About this task:
Please, from the entries below, transcribe exactly the lines that begin at the line with "Толстовка-худи оверсайз Кирара" and end at the line with "Recursos para la", without the pictures.

Available data:
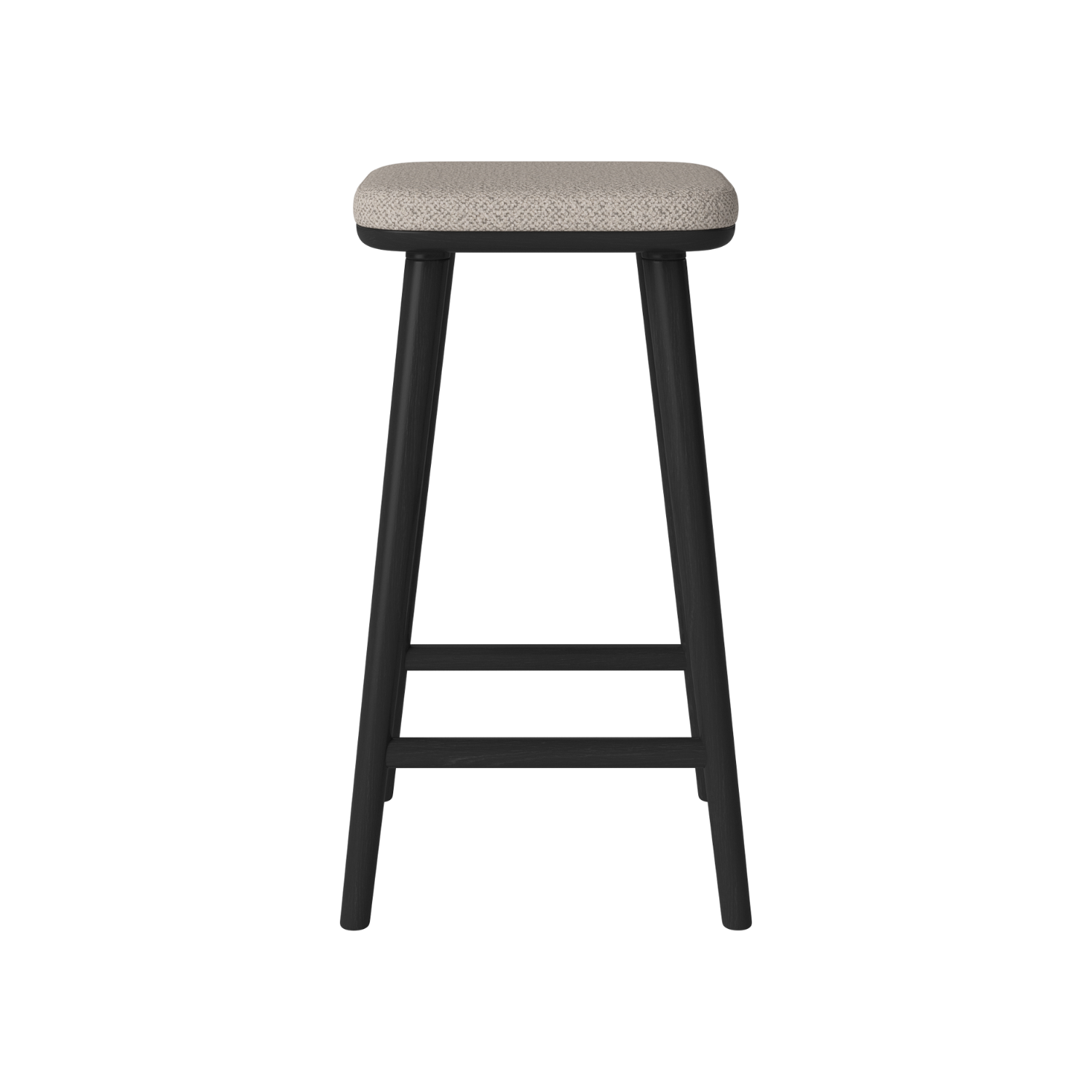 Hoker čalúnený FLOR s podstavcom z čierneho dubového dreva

...

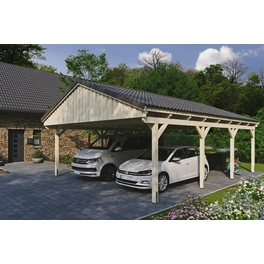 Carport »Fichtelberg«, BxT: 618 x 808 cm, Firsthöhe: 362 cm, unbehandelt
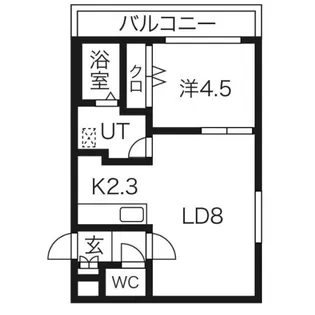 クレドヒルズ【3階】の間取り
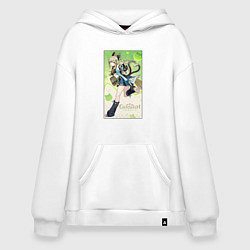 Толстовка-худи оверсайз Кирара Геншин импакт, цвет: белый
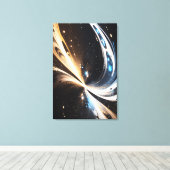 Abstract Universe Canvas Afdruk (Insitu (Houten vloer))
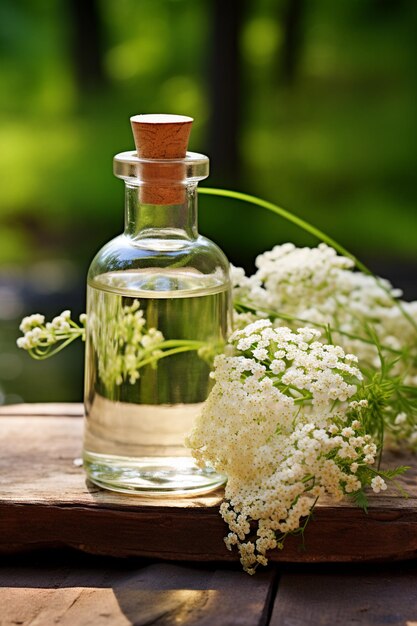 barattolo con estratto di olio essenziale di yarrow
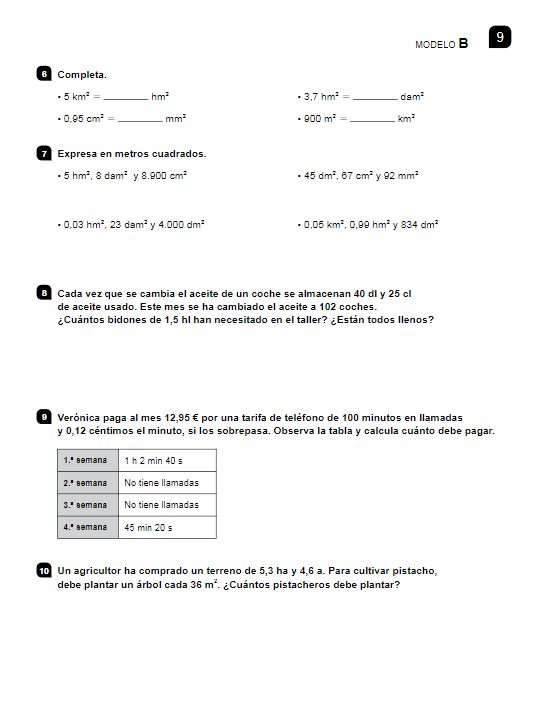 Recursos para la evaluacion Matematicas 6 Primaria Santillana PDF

==

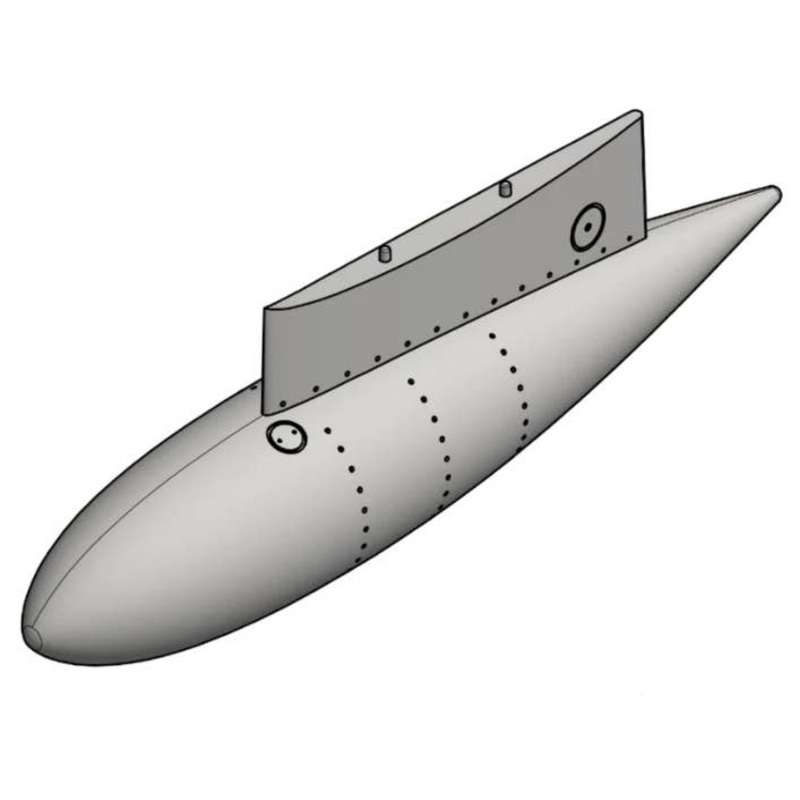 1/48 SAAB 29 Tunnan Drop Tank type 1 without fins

Written solution:
 Толстовка-худи оверсайз Кирара Геншин импакт, цвет: белый
 Abstract Universe Canvas Afdruk (Insitu (Houten vloer))
 barattolo con estratto di olio essenziale di yarrow
 Recursos para la evaluacion Matematicas 6 Primaria Santillana PDF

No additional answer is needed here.